Re: [VOTE] Release Spark 3.2.1 (RC2)

2022-01-21 Thread Sean Owen
(Are you suggesting this is a regression, or is it a general question? here
we're trying to figure out whether there are critical bugs introduced in
3.2.1 vs 3.2.0)

On Fri, Jan 21, 2022 at 1:58 PM Bjørn Jørgensen 
wrote:

> Hi, I am wondering if it's a bug or not.
>
> I do have a lot of json files, where they have some columns that are all
> "null" on.
>
> I start spark with
>
> from pyspark import pandas as ps
> import re
> import numpy as np
> import os
> import pandas as pd
>
> from pyspark import SparkContext, SparkConf
> from pyspark.sql import SparkSession
> from pyspark.sql.functions import concat, concat_ws, lit, col, trim, expr
> from pyspark.sql.types import StructType, StructField,
> StringType,IntegerType
>
> os.environ["PYARROW_IGNORE_TIMEZONE"]="1"
>
> def get_spark_session(app_name: str, conf: SparkConf):
> conf.setMaster('local[*]')
> conf \
>   .set('spark.driver.memory', '64g')\
>   .set("fs.s3a.access.key", "minio") \
>   .set("fs.s3a.secret.key", "") \
>   .set("fs.s3a.endpoint", "http://192.168.1.127:9000";) \
>   .set("spark.hadoop.fs.s3a.impl",
> "org.apache.hadoop.fs.s3a.S3AFileSystem") \
>   .set("spark.hadoop.fs.s3a.path.style.access", "true") \
>   .set("spark.sql.repl.eagerEval.enabled", "True") \
>   .set("spark.sql.adaptive.enabled", "True") \
>   .set("spark.serializer",
> "org.apache.spark.serializer.KryoSerializer") \
>   .set("spark.sql.repl.eagerEval.maxNumRows", "1") \
>   .set("sc.setLogLevel", "error")
>
> return
> SparkSession.builder.appName(app_name).config(conf=conf).getOrCreate()
>
> spark = get_spark_session("Falk", SparkConf())
>
> d3 =
> spark.read.option("multiline","true").json("/home/jovyan/notebooks/falk/data/norm_test/3/*.json")
>
> import pyspark
> def sparkShape(dataFrame):
> return (dataFrame.count(), len(dataFrame.columns))
> pyspark.sql.dataframe.DataFrame.shape = sparkShape
> print(d3.shape())
>
>
> (653610, 267)
>
>
> d3.write.json("d3.json")
>
>
> d3 = spark.read.json("d3.json/*.json")
>
> import pyspark
> def sparkShape(dataFrame):
> return (dataFrame.count(), len(dataFrame.columns))
> pyspark.sql.dataframe.DataFrame.shape = sparkShape
> print(d3.shape())
>
> (653610, 186)
>
>
> So spark is deleting 81 columns.

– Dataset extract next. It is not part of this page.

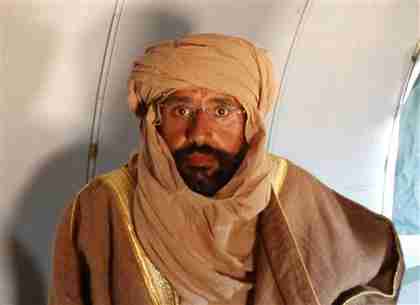  Saif al-Islam Gaddafi is seen sitting in a plane in Zintan on Saturday (Reuters)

I think that all of these 81 deleted
> columns have only Null in them.
>
> Is this a bug or has this been made on purpose?
>
>
> fre. 21. jan. 2022 kl. 04:59 skrev huaxin gao :
>
>> Please vote on releasing the following candidate as Apache Spark version
>> 3.2.1. The vote is open until 8:00pm Pacific time January 25 and passes if
>> a majority +1 PMC votes are cast, with a minimum of 3 +1 votes. [ ] +1
>> Release this package as Apache Spark 3.2.1[ ] -1 Do not release this
>> package because ... To learn more about Apache Spark, please see
>> http://spark.apache.org/ The tag to be voted on is v3.2.1-rc2 (commit
>> 4f25b3f71238a00508a356591553f2dfa89f8290):
>> https://github.com/apache/spark/tree/v3.2.1-rc2
>> The release files, including signatures, digests, etc. can be found at:
>> https://dist.apache.org/repos/dist/dev/spark/v3.2.1-rc2-bin/
>> Signatures used for Spark RCs can be found in this file:
>> https://dist.apache.org/repos/dist/dev/spark/KEYS The staging repository
>> for this release can be found at:
>> https://repository.apache.org/content/repositories/orgapachespark-1398/
>>
>> The documentation corresponding to this release can be found at:
>> https://dist.apache.org/repos/dist/dev/spark/v3.2.1-rc2-docs/_site/
>> The list of bug fixes going into 3.2.1 can be found at the following URL:
>> https://s.apache.org/yu0cy
>>
>> This release is using the release script of the tag v3.2.1-rc2. FAQ
>> = How can I help test this release?
>> = If you are a Spark user, you can help us test
>> this release by taking an existing Spark workload and running on this
>> release candidate, then reporting any regressions. If you're working in
>> PySpark you can set up a virtual env and install the current RC and see if
>> anything important breaks, in the Java/Scala you can add the staging
>> repository to your projects resolvers and test with the RC (make sure to
>> clean up the artifact cache before/after so you don't end up building with
>> a out of date RC going forward).
>> === What should happen to JIRA
>> tickets still targeting 3.2.1? ===
>> The current list of open tickets targeted at 3.2.1 can be found at:
>> https://issues.apache.org/jira/projects/SPARK and search for "Target
>> Version/s" = 3.2.1 Committers should look at those and triage. Extremely
>> important bug fixes, documentation, and API tweaks that impact
>> compatibility should be worked on immediately. Everything else please
>> retarget to an appropriate release. == But my bug isn't
>> fixed? == In order to make timely releases, we will
>> typically

Re: [VOTE] Release Spark 3.2.1 (RC2)

2022-01-21 Thread Bjørn Jørgensen
Hi, I am wondering if it's a bug or not.

I do have a lot of json files, where they have some columns that are all
"null" on.

I start spark with

from pyspark import pandas as ps
import re
import numpy as np
import os
import pandas as pd

from pyspark import SparkContext, SparkConf
from pyspark.sql import SparkSession
from pyspark.sql.functions import concat, concat_ws, lit, col, trim, expr
from pyspark.sql.types import StructType, StructField,
StringType,IntegerType

os.environ["PYARROW_IGNORE_TIMEZONE"]="1"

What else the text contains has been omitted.